To describe how and why disorders could be related, we differentiate between four models: (1) common antecedent model, (2) sequential comorbidity model, (3) bidirectional comorbidity model and (4) accidental comorbidity model.

The common antecedent modelassumes that common, broad-spectrum factors influence the onset of multiple disorders, irrespective of whether the onset and prevalence of these disorders is co-occurring or separated over time. For childhood adversities (e.g. child abuse and neglect, parental mental illness, parental death and divorce), especially in the case of an accumulation of childhood adversities, extensive evidence exists for a wide range of long-term negative outcomes such as increased risk of depression, conduct disorders, drug and alcohol abuse, low self-esteem, poor emotional competence, risky sexual behavior, suicidal behavior, and adult-onset asthma, obesity and hypertension [1,3].
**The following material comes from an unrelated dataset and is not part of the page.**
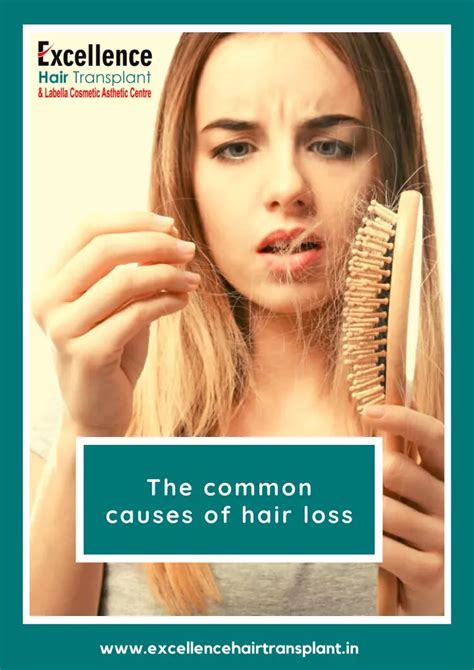Ppt The Common Causes Of Hair Loss Hair Loss Treatment Powerpoint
The sequential comorbidity model presumes that features and outcomes of a primary disorder or its treatment increase the onset of a secondary disorder. Examples of factors that mediate the causal relationship between both disorders are serious stress experiences resulting from the primary disorder (e.g. pain, psychotrauma, physical disability, dependency, unemployment, social isolation), harmful coping behaviors (e.g. smoking, alcohol use, inactivity), negative social reactions (e.g. social stigma) or negative side effects of medication. Preventive interventions could aim to reduce or compensate for these mediating outcomes. In the bidirectional model,two disorders and their outcomes are assumed to reinforce each other's development and chronic course. In this case, preventive interventions could address mediating outcomes of both disorders. Finally, in the accidental comorbidity model comorbid disorders are considered to be a random phenomenon, with no evidence of mutual influence or common causes. Each disorder is assumed to have an independent causal trajectory. The prevention of both disorders would require the implementation of separate primary preventive interventions, each addressing a different disorder.

To prevent comorbid mental and physical illness, one could choose from different intervention scenarios. Each strategy is defined by the combination of choices on a range of target- and strategy-related dimensions that roughly represent the ‘what-who-why-when framework'. This framework of choices is composed of six dimensions:

(1) Target. This dimension concerns choices such as ‘Which combination of comorbid disorders is targeted?', ‘Which of them should be prevented?' and ‘The mental disorder, physical disorder, or both?'.

(2) Target population. Should the target population be chosen through universal, selective or indicated prevention? This refers to a choice about the width and level of risk of the targeted population. Universal prevention targets whole populations, selective prevention targets groups at risk and indicated prevention targets persons or groups at high risk when they show subclinical symptoms that might grow into a diagnosable disorder. Targeted persons or groups could be at risk of the primary disorder, the secondary disorder or both. Identifying persons at high risk requires the use of risk assessment tools that are still poorly developed in psychiatry.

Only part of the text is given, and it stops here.